Roman Poseck: „Hessen ist eines der sichersten Bundesländer. Die Polizeiliche Kriminalstatistik ist vor allem eine Bestätigung unserer konsequenten Sicherheitspolitik. Gleichzeitig ist sie aber auch Handlungsauftrag für neue Akzente, insbesondere im Kampf gegen den Wohnungseinbruchsdiebstahl und den Linksextremismus.“
Wiesbaden. Innenminister Roman Poseck hat heute in seiner Regierungserklärung vor dem Hessischen Landtag neue Schwerpunkte der hessischen Sicherheitspolitik für 2026 vorgestellt. Vor dem Hintergrund der aktuellen Herausforderungen und der Ergebnisse der Polizeilichen Kriminalstatistik 2025 kündigte Innenminister Roman Poseck zusätzliche Akzente in der Kriminalitätsbekämpfung an, um die Sicherheit der Bürger in Hessen weiter zu stärken und erklärte:
„Die Polizeiliche Kriminalstatistik 2025 zeigt, dass Hessen eines der sichersten Bundesländer Deutschlands ist. Die Anzahl der Straftaten ist im vergangenen Jahr gegenüber dem Vorjahr um 2,9 Prozent gesunken. Damit setzt sich die positive Entwicklung des Jahres 2024 fort. Der Kriminalitätsrückgang ist das Ergebnis einer konsequenten Sicherheitspolitik, die auf Prävention, Repression, moderne Ausstattung und enge Zusammenarbeit mit Kommunen und Bürgern setzt.
Ich will aktuelle Entwicklungen nicht verschweigen: In den vergangenen Stunden hat es in Hessen zwei Tötungsverbrechen gegeben. In Raunheim wurden heute Nacht in einem Bistro zwei Menschen erschossen; in Wiesbaden wurde gestern eine 73-Jährige getötet. Diese Taten sind schrecklich und erschütternd. Wir trauern um die Opfer und mit den Angehörigen. Die Ermittler werden jetzt ihre Arbeit machen. Ich bin überzeugt davon, dass sie dabei mit hoher Professionalität und großem Engagement vorgehen.
Zur Vollständigkeit will ich darauf hinweisen, dass Straftaten gegen das Leben in Hessen zuletzt deutlich zurückgegangen sind; von 379 in 2024 auf 338 in 2025. Dennoch: Gerade hier ist jeder Fall einer zu viel und gleichzeitig schrecklich und tragisch.

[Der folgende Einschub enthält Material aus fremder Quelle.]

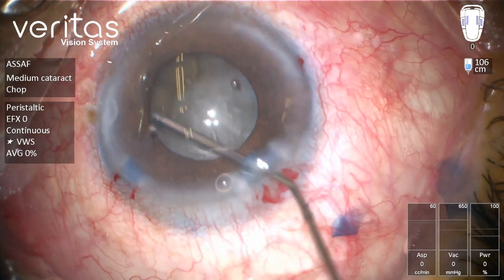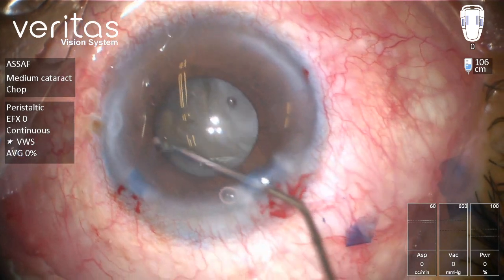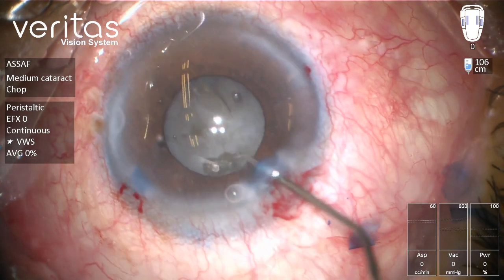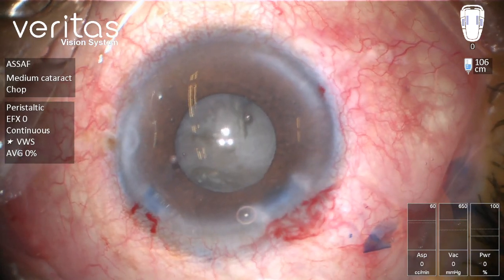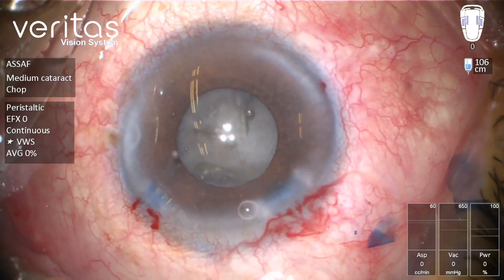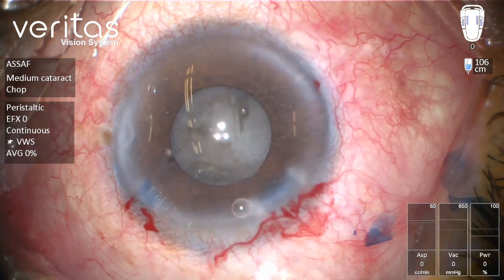In this case with suspected zonular weakness, we could probably use one of those capsular hooks to support the zonules in the vertical meridian, but let's see how it goes without using those supporting devices.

Sicherheit ist eine Daueraufgabe. Deshalb setzen wir 2026 weitere Akzente, ohne bei den bislang ergriffenen und erfolgreichen Maßnahmen nachzulassen. Drei Schwerpunkte will ich dabei beispielhaft hervorheben: Wir werden die Bekämpfung des Wohnungseinbruchsdiebstahls, des Linksextremismus und der Sozialkriminalität in diesem Jahr verstärken. Damit reagieren wir umgehend und zielgerichtet auf Entwicklungen der Kriminalität im vergangenen Jahr. Wir werden mit diesen Maßnahmen auch die Handlungsfähigkeit unseres Rechtsstaats herausstellen und so das Vertrauen der Bürger in das Funktionieren und das Schutzversprechen des Staates stärken.

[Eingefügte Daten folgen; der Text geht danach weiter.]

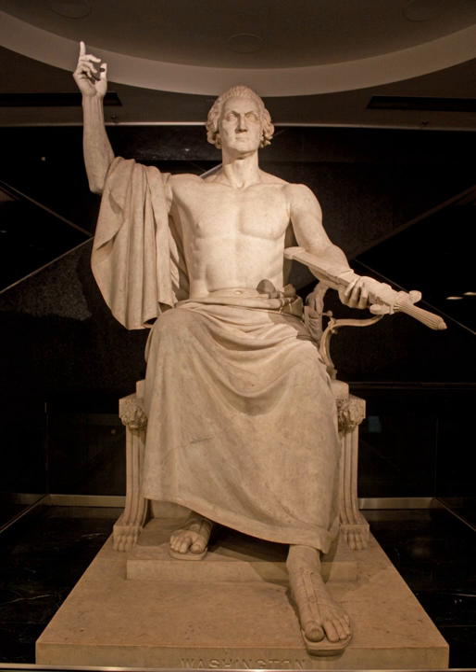George Washington, also known as Enthroned Washington, is a large marble sculpture by Horatio Greenough, commissioned for the centennial of U.S. President George Washington's birth on February 22, 1732. Completed in 1840,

Wir starten sofort eine landesweite Präventionskampagne gegen Wohnungseinbrüche. Trotz eines langfristigen Rückgangs um 42 Prozent seit 2015 ist die Zahl der Einbrüche im letzten Jahr um 910 Fälle auf 6.777 Fälle gegenüber 2024 gestiegen. Das verstehe ich als Handlungsauftrag für die Sicherheitspolitik. Denn Wohnungseinbruchsdiebstähle belasten Opfer besonders stark. Wir wollen, dass sich die Menschen in Hessen in ihren eigenen vier Wänden sicher fühlen. Schon jetzt besuchen besonders geschulte Polizeibeamte auf Anfrage Eigentümer und Mieter in ganz Hessen und führen – kostenlose – sicherungstechnische Beratungen vor Ort durch.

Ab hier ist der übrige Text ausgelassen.